# demo baler



## farmallmaniac (Feb 16, 2004)

Was there really ever a demo baler made by ih? I remember seeing this baler forsale couple months ago more like 5 lol. http://www.tractorshed.com/cgi-bin/...play_db_button=on&db_id=64917&query=retrieval
Ryan


----------



## Chipmaker (Sep 16, 2003)

I assume you mean a baler for demonstration. I could not tell you. I had looked into buying a small baler for use behind a L&G sized tractor. I did find some but are they ever proud of those prices. I had a NH square baler one time that I used for occassional hay baleing, but its purchase was mainly intended to bale up pine straw.

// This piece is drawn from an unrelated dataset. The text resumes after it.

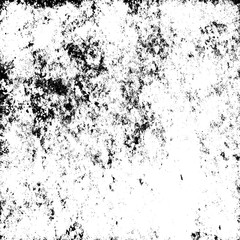 Grunge background abstract black and white. Monochrome texture of dirty surface. Pattern of cracks, chips, scuffs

Pine straw bales around here are ungodly in price, usually fetching 8 or more bucks a bale, and I have tons of the stuff I have to clean up every year. I just could not afford the price of the rake and baler I needed, so now I just post a sign advertising free pine straw, and let folks rake up what they want, and then whatever is left put the vac cart on it to clean it all up. The free rake deal for fokls so far has been a time saver, and over the years I get quite a bit of the pine straw hauled off this way. Around here folks use it on sweet potatoe plants and for mulch and decorative flower beds etc, so its a pretty hot item.


----------